And why such interest in space?

50 years ago, on holiday at my grandparents in Anykščiai, Lithuania, I saw a broadcast about the first landing on the Moon. I still have the book that I got on my birthday called Journey to Other Planets. It visually shows how space-ships work and what do they need for long-range flights in space. That book became one of my favourites. In general, space technologies stimulate curiosity, the desire to explore, to achieve more while also being a part of the latest discoveries. In the past, people were discovering new lands, and today the boundaries expanded to space.

The number of people even those who are not involved in space technology, who watch and admire SpaceX and other space technology companies, is impressive. After all, the day when people will have a permanent base in the Moon when taking a flight to space will be similar to travelling by plane, is close.

Whether we will be just tourists or developers, everything depends on us: how curious and active we will be, how much we will want to learn. I am talking not only about technology but also about other subjects, that any educated person needs.

Interest in space probably led you to study engineering?

Fascination with space boosts the interest in technology. I liked electronics since childhood. I learned a lot from my father, who was an electronics engineer and a lecturer. Together we repaired cars in the garage and this job requires a lot of engineering thinking. I tried new things, learned while playing. When I was still at school, I replaced the doorbell button with a touch sensor, so common today – the guests didn’t understand how to use it.

Engineering thinking is useful in other areas as well. For instance, an express delivery business that I created with my friends does not have a direct connection with electronics but studying technology and, later, an experience in academia helped me to come up with rational, logic and creative solutions.

Do you see many opportunities for space research in Lithuania?

We have to change how we think: we are not too small, nor weak to become a country, which can set foot in space. By looking up, by pursuing further goals we can accomplish great things in other areas as well. Today, many believe that it is possible to create interesting things in Lithuania.

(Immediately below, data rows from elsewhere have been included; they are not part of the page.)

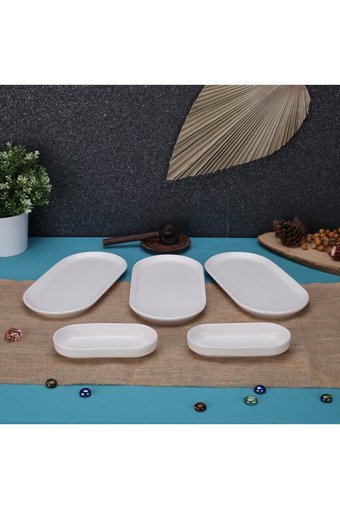 Kitchen Grande Kütahya Desenli 5 Parça 2 Kişilik Seramik Kahvaltı Takımı Beyaz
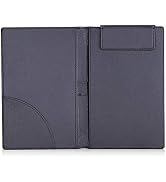 KINGFOM 9"X 6" Leather Menu Folder Presenter Guest Check Book Holder Money Pocket Fit Server Apro...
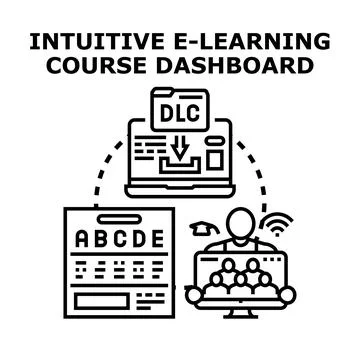 E learning course dashboard developing digital education platform Stock Illustration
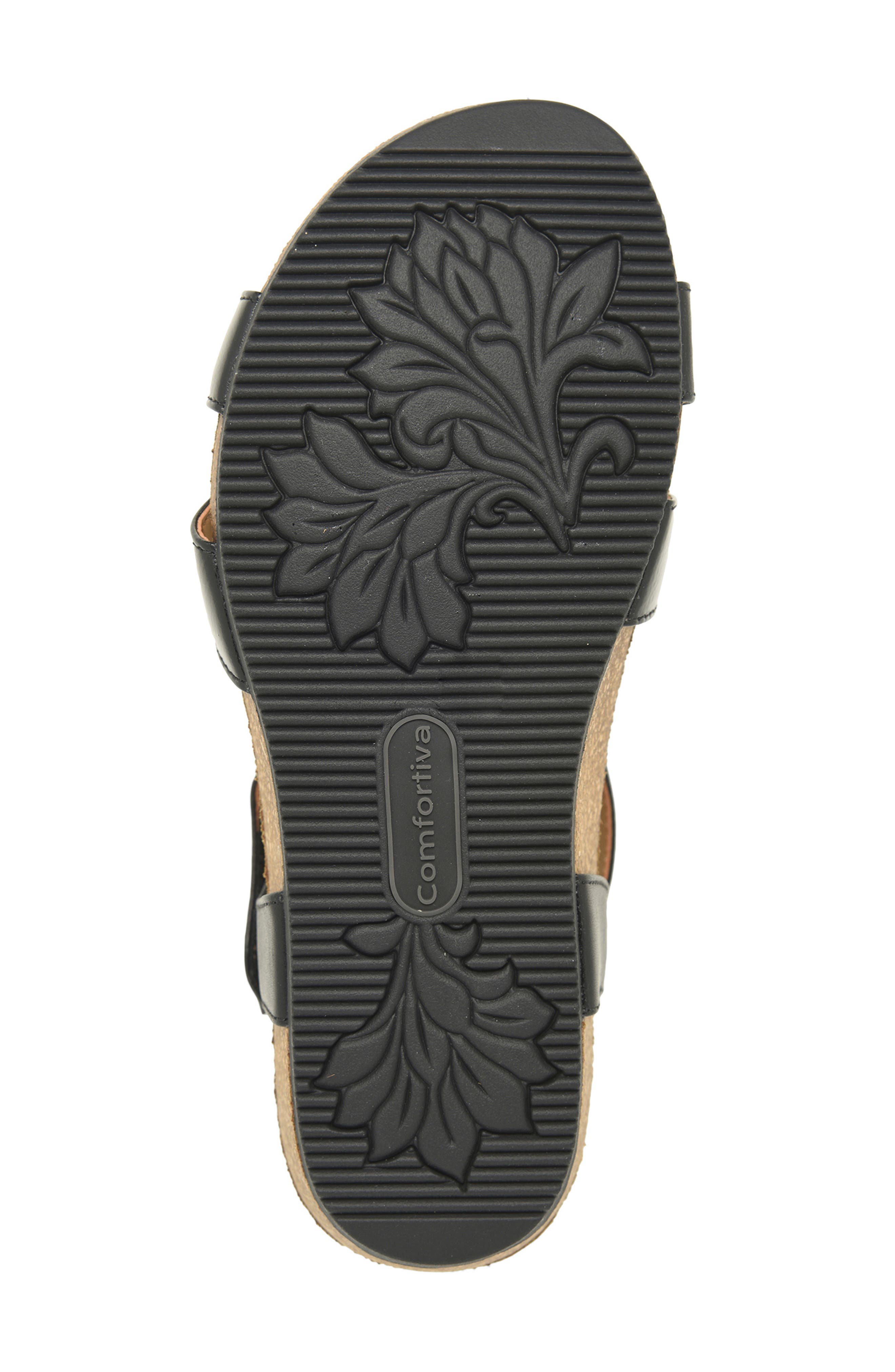 Comfortiva Garner Wedge Sandal, Alternate, color, Black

An important scientific accomplishment was the creation and the launch of two Lithuanian nanosatellites. The enthusiastic teams of KTU and Vilnius University students and lecturers together with NASA proved that Lithuania can be visible in space industry. We have also invited influential guests from NASA. With one of its executives, Pete Worden, we are communicating to this day. All this led the decisions on state-level: since then, Lithuania has signed agreements that allow to participate and to start accession process to the European Space Agency. Also, the Lithuanian Space Office has recently been opened.

The Bank of Lithuania issued a coin commemorating the 5th anniversary of Lithuanian satellites’ launch. We now have commercial satellites under the development, Lithuanian scientists carry out a lot of space-related research while closely working with NASA and the European Space Agency. I am sure that there are many space-related opportunities for technology students.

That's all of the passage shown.